Salton, G. & McGill, M. (1983) Introduction to modern information retrieval. New York: McGraw-Hill. Of course this is quite old now, but it introduces many of the ideas that are otherwise only to be found in the papers and techincal reports of Saltonís group at Cornell.
*Sparck Jones, K. & Willett, P. eds. (1997) Readings in Information Retrieval. San Francisco: Morgan Kaufmann. A collection of significant research papers in the evolution of information retrieval from its roots in librarianship. The editors have written good historical introductions to each section. The mathematical rigor and clarity of the papers varies widely, and in many cases it is not easy to reconstruct the "commonly accepted meaning" of the terms used by the author(s). This is a very good place to look for papers on which to report to the class, and any other papers contained in this collection will be acceptable for that purpose.
Witten, I, Moffat, & Bell T. Managing Gigabytes. compressing and indexing documents and images. New York : Van Nostrand Reinhold, c1994.xiv, 429 p. : ill. ; 26 cm.
I think that 12-15 pages is a goood length for the paper. Keep graphs small, so that each takes up no more than 1/4th of a page. Figure to make a 10-15 minute presentation on the work telling what you did; why you did it that way; what you found out; what you would have changed, after you saw how it came out.
Note: In previous years we have sometimes used class projects that involved studying multiple subjects using a system of interest.
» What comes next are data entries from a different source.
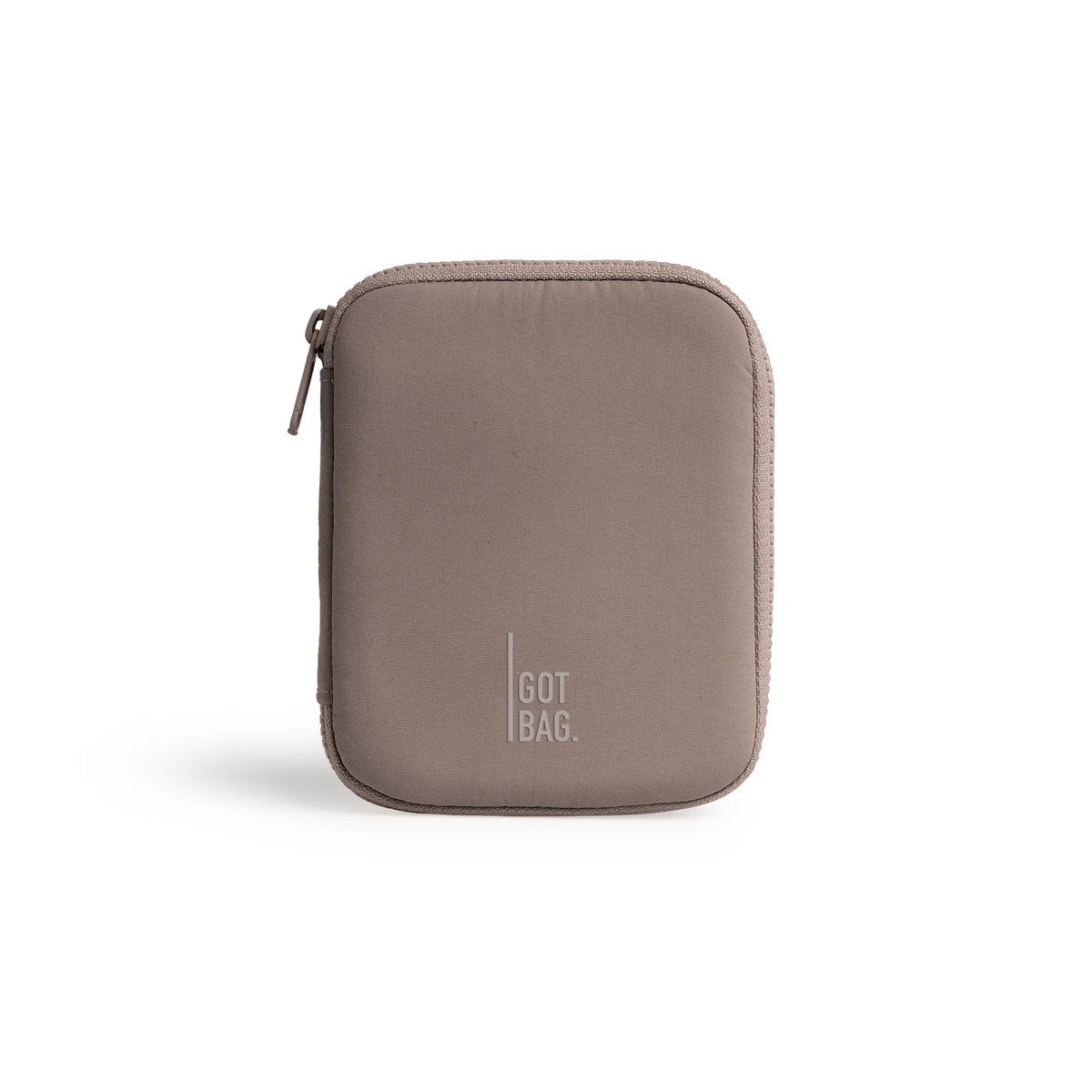 Wallet 01 'Oyster' GOT BAG
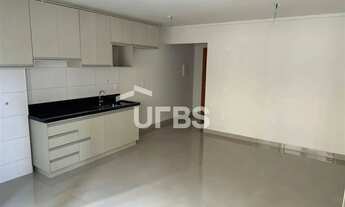 Imagem 7: Flat pronto para morar com armários - 45 m2 - aceita Airbnb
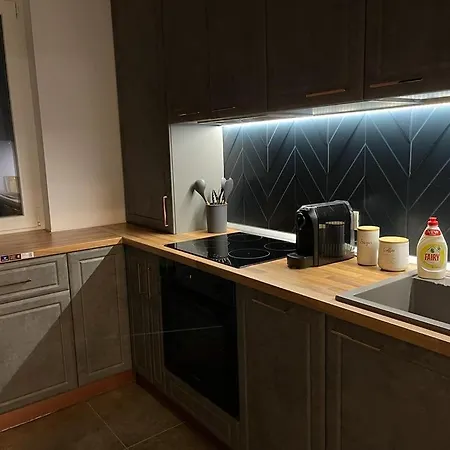 Apartment Ama Lux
Because of the increased vigilance that we (Rutgers) are exercising to protect human subjects in experimental or research studies, this will not be done this semester. However, if you are interested in evaluation of real systems using real users, you should visit the relevant Web site at Rutgers to learn more about the notion of Human Subjects Review.
Grades will be assigned for each of the activities, with the following weights:
Knowledge Crumbs 25%
Presentation of a Reading 20%
Term Project 45%
Participation 10% *
Mathematically the mapping from letter grades to numbers is as follows
96-100 -> A+ -> 98
90-95 -> A -> 93
83-89 ->B+ -> 86
78-82 ->B -> 80
72-77 ->C+ -> 75
65-71 ->C -> 68
Work which does not achieve a grade of C will be assigned an honorary score of 50% if it is submitted on time. If it is not submitted, it will be assigned a courtesy score of 10%.
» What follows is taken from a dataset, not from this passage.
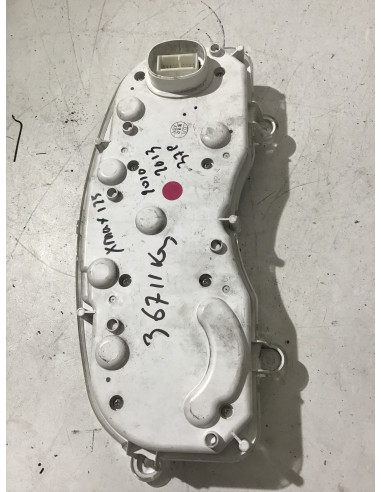 Compteur YAMAHA X-MAX 125 - 2010/2013 -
Late Work: Work which is submitted late will experience a "decay of its grade" at the rate of 5% per day. Thus an A paper received 3 days late receives a score of A -> 93%x95%x95%x95% = 79.7% -> B. And so forth. I will not count weekend days, if you donít count them against me in grading papers.
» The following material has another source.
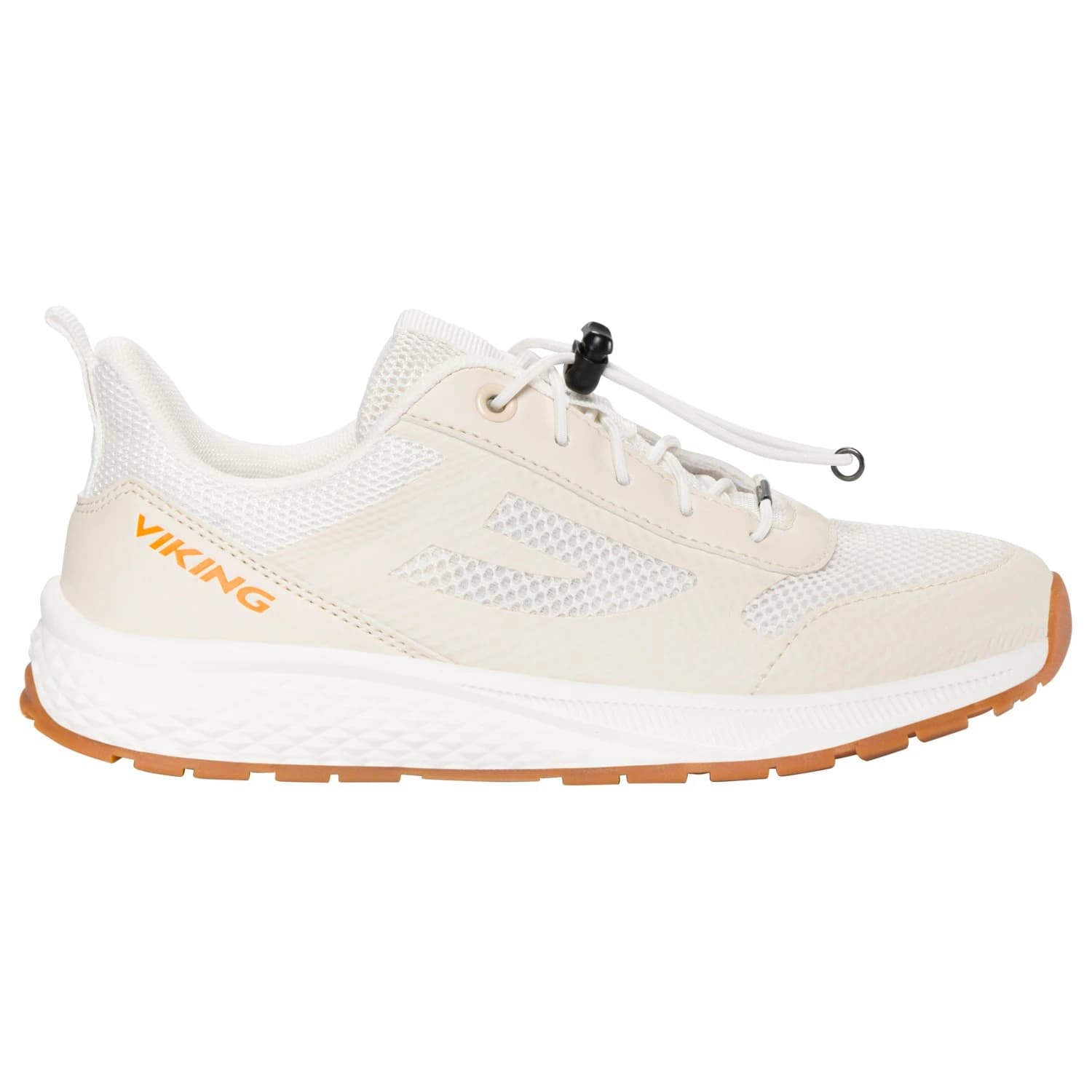 Детски ежедневни обувки Viking Kid's Century Light SL Casual shoes - Beige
* Participation. We will have small group sessions each week. The first will be random. Thereafter, I will ask each of you to give me ranked list of those in your group, with the person you would most like to meet with again listed first, and so on. In succeeding weeks we will keep re-arranging groups to try to satisfy those preferences. These rankings will also factor into half the grade for participation. This is part of an ongoing experiment to determine whether peer assessment is consistent with instructor assessment in my courses. You are free to not submit a list of preferences, in which case you will surely be assigned to a group at random the following week.